======== RECORDS FOR THIS TASK ========
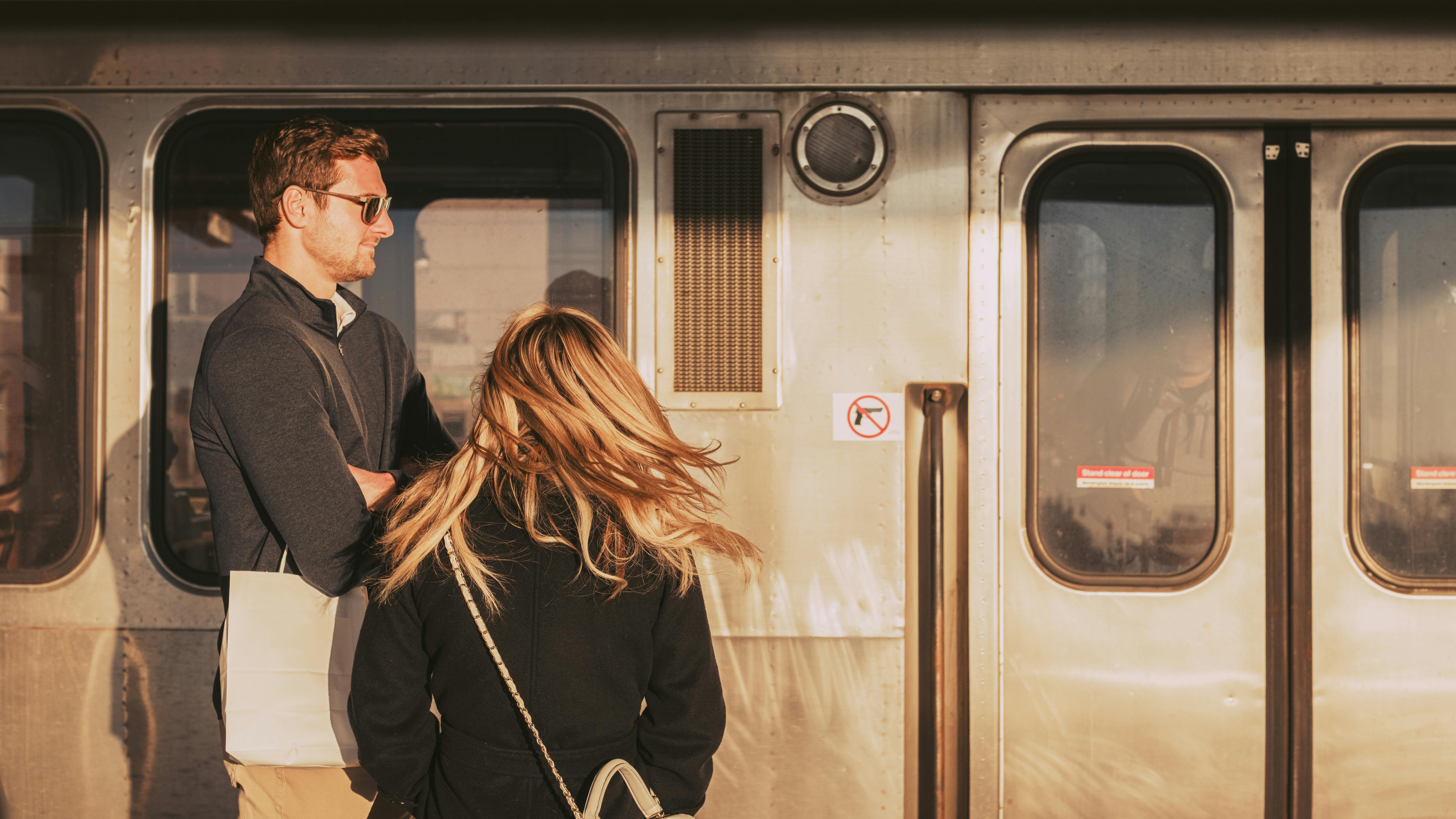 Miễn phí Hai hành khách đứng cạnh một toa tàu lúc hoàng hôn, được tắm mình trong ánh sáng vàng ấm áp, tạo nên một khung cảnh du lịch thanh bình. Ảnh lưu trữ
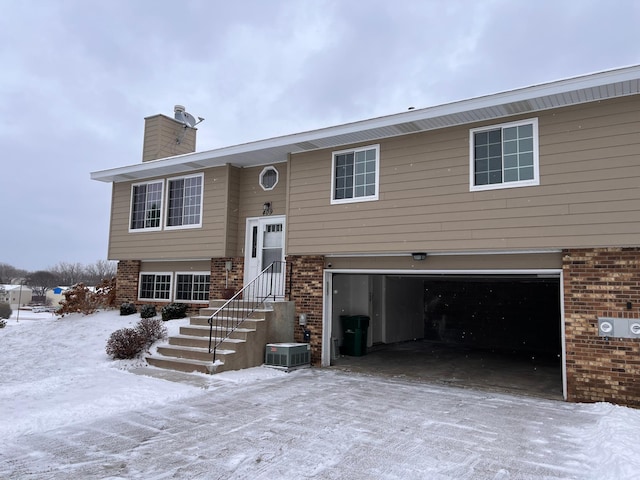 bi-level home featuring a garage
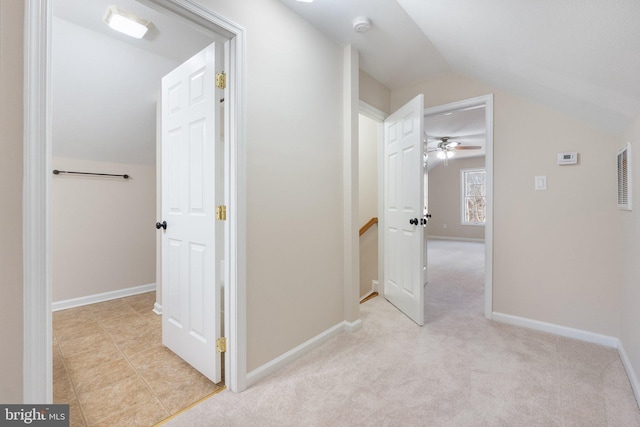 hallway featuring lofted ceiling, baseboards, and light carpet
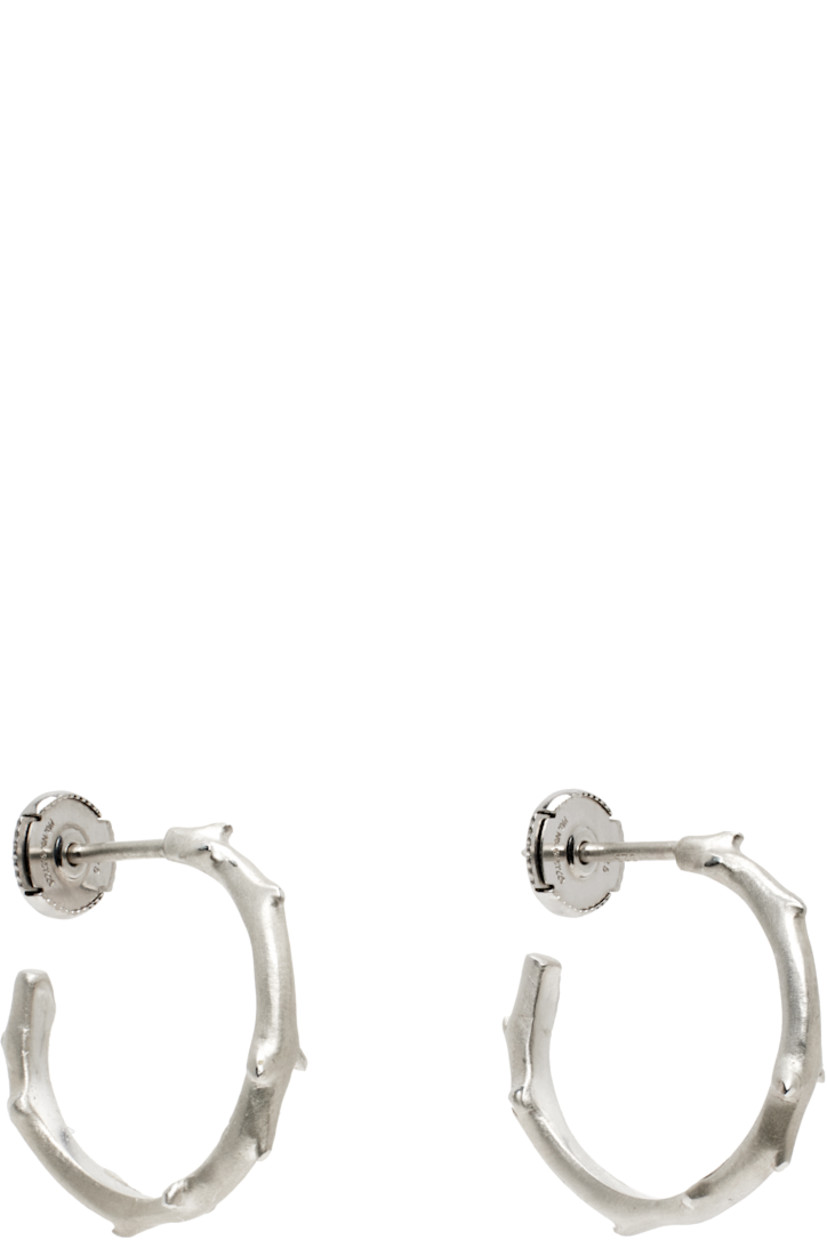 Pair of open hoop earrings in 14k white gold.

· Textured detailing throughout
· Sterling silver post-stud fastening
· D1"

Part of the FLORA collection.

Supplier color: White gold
========
======== RECORDS FOR THIS TASK ========
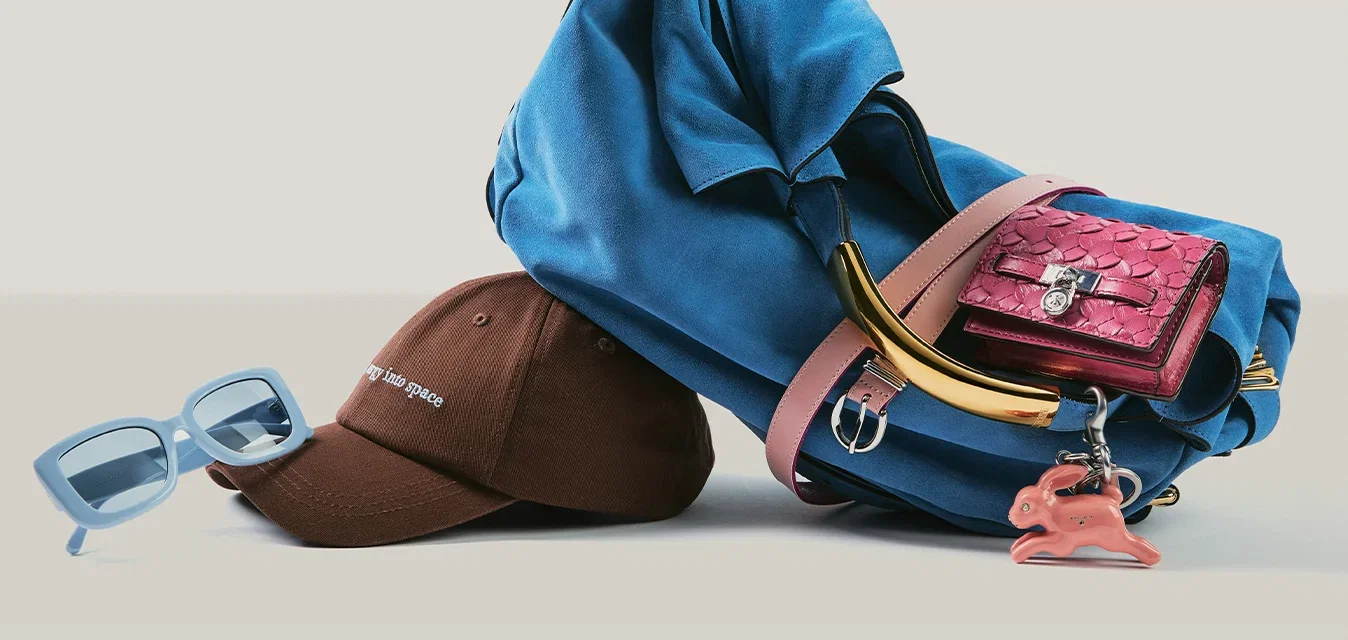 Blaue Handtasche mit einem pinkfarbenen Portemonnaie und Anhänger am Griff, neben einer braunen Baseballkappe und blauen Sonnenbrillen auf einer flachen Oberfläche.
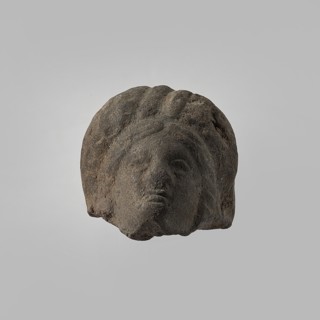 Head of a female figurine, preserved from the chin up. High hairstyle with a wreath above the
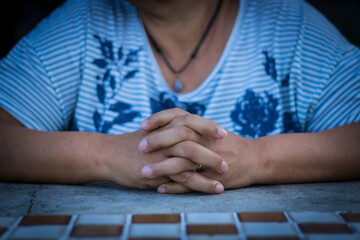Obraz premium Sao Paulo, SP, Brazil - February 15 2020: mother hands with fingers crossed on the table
========
▶ [TASK TO CARRY OUT]:
Reproduce exactly the lines above that run from the one with "hallway featuring lofted" to the one with "Supplier color: White gold", both included, leaving pictures out.

▶ [ANSWER AREA]:
 hallway featuring lofted ceiling, baseboards, and light carpet
 Pair of open hoop earrings in 14k white gold.

· Textured detailing throughout
· Sterling silver post-stud fastening
· D1"

Part of the FLORA collection.

Supplier color: White gold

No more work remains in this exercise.